Seeley said that if Timothy Davis had not stepped in, Emily could have been hurt more seriously.

He called the boy a hero.

“He has a lot of gumption for a young kid,” Seeley said.

The dogs were taken to the Ellsworth Animal Shelter where they remained quarantined Tuesday.

Seeley said he has since spoken with the girl and her brother.

“She wrote out her own statement,” he said. “She is good, but she is very leery of dogs, even her own dogs, which I can understand.”

Seeley said Tuesday that one of the dogs bit him on the hand, drawing a small amount of blood, when he and two others were trying to remove the dogs from the cage on the back of his truck while transporting them to Ellsworth.

“He bit me on the back,” Seeley said. “He didn’t puncture my skin, but he did draw blood … just through the skin.”

Neither dog – one a pit bull and the other a crossbreed with pit bull in it – was licensed, Seeley said. Only the pit bull had had its rabies and distemper shots.

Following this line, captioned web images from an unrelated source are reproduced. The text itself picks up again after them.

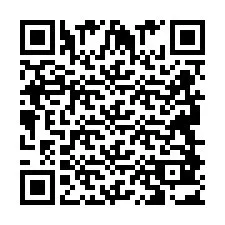 QR-code voor telefoonnummer +2694883022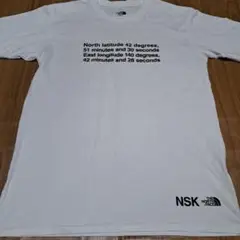THE NORTH FACE ホワイト Tシャツ L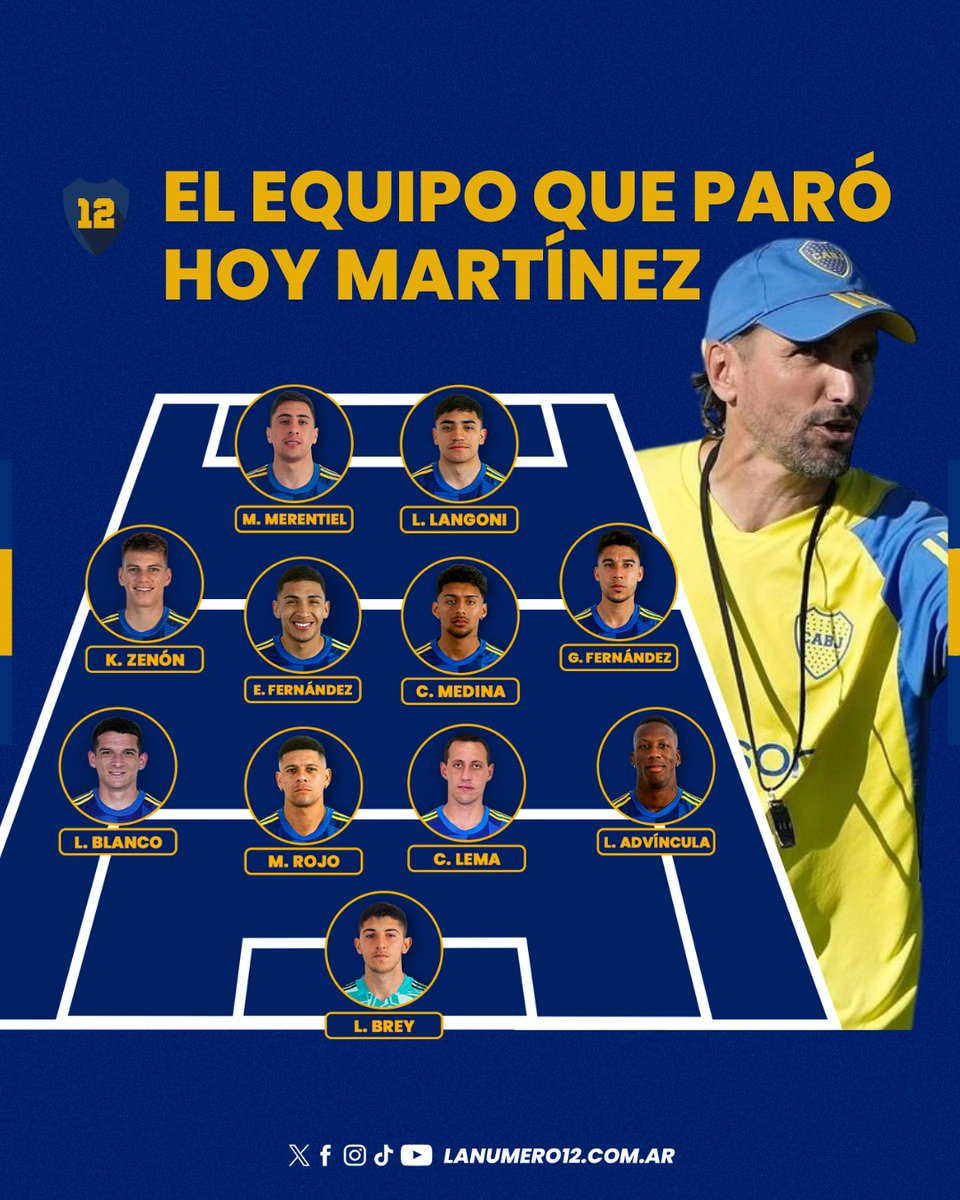 Los 11 de Boca vs Newells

Seeley said Jamie Lank had been warned before about controlling her dogs.

“I have had complaints on her dogs. Now the question is [have the complaints been] on these dogs? I don’t know, because she has had dogs and gotten rid of them and got different dogs,” he said.

In 2000, Jamie Moores, now Lank, and Aaron Lank, her husband, were ordered by the 4th District Court in Calais to euthanize their black chow-Shar-Pei after another dog-biting incident.

“You are hereby ordered that if the black chow-Shar-Pei mixed breed known as ‘Fat Head’ is returned to your ownership, you must take the animal to an animal shelter or veterinarian to be destroyed as a dangerous animal,” the court document said.

Seeley delivered his report on the July 8 incident and pictures of the girl’s bites to First Assistant District Attorney Paul Cavanaugh on Tuesday.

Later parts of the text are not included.